◆ Data to process
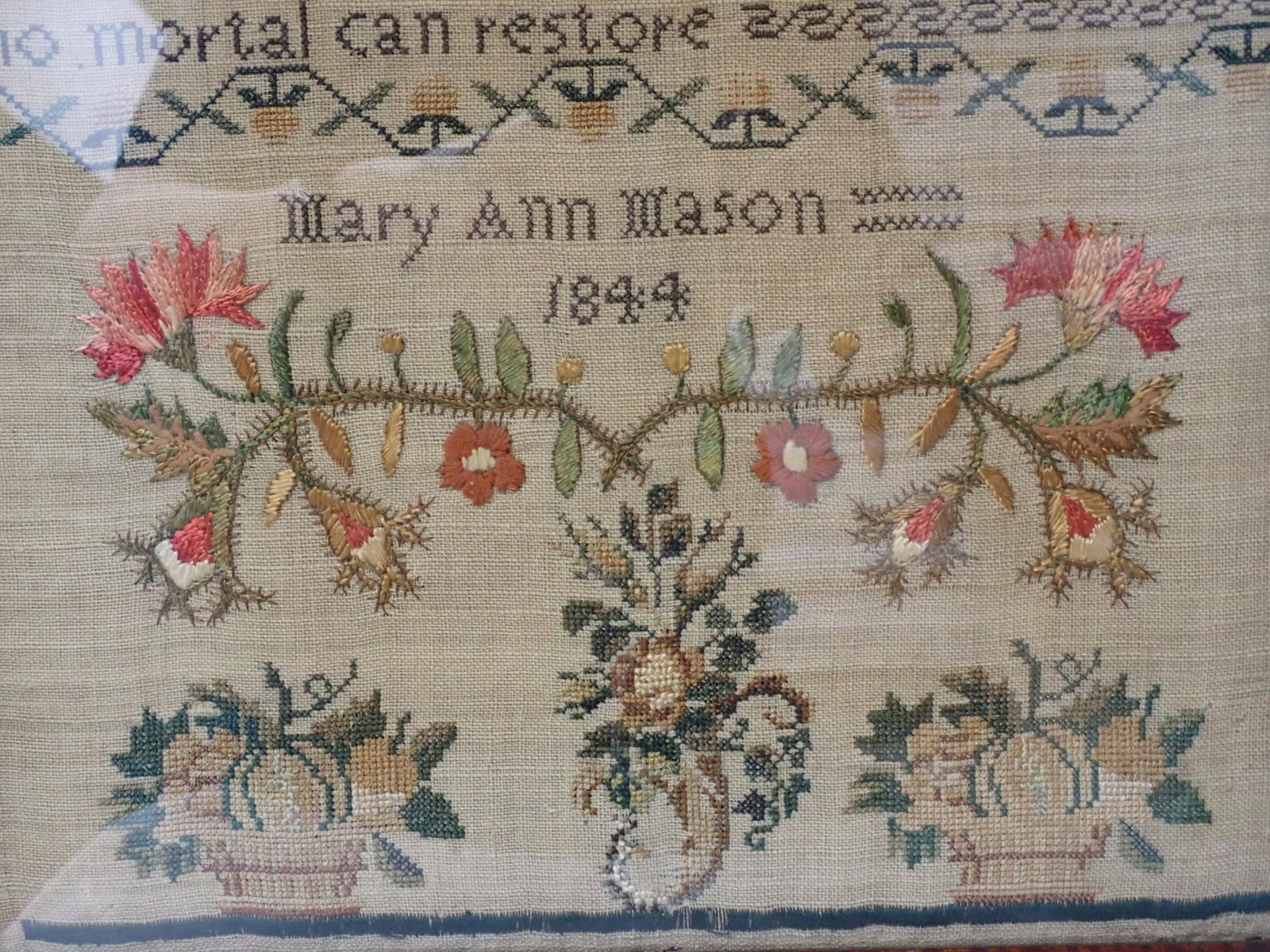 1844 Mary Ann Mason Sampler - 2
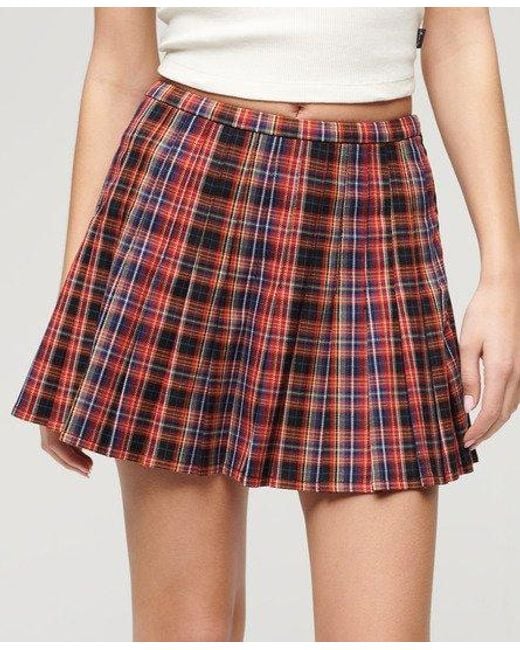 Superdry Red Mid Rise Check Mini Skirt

---

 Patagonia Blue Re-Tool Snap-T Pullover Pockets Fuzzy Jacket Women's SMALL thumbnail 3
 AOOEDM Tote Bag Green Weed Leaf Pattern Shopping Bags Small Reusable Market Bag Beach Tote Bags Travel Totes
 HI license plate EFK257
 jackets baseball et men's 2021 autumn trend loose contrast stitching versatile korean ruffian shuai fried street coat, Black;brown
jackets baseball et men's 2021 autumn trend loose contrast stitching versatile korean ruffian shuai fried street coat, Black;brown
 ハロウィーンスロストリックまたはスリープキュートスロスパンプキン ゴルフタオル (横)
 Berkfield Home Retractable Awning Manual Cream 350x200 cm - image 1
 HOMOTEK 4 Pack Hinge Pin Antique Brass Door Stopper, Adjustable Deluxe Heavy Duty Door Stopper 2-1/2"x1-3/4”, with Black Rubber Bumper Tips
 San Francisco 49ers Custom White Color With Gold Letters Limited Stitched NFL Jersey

---

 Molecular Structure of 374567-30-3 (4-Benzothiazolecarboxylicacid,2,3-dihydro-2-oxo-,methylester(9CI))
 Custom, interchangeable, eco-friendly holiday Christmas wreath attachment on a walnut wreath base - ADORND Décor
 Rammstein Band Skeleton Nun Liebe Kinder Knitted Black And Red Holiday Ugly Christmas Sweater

◆ Task details
From the material above, set down exactly the lines between the line holding "Molecular Structure of" and the line holding "Rammstein Band Skeleton", inclusive. Include nothing else.

◆ Task output
 Molecular Structure of 374567-30-3 (4-Benzothiazolecarboxylicacid,2,3-dihydro-2-oxo-,methylester(9CI))
 Custom, interchangeable, eco-friendly holiday Christmas wreath attachment on a walnut wreath base - ADORND Décor
 Rammstein Band Skeleton Nun Liebe Kinder Knitted Black And Red Holiday Ugly Christmas Sweater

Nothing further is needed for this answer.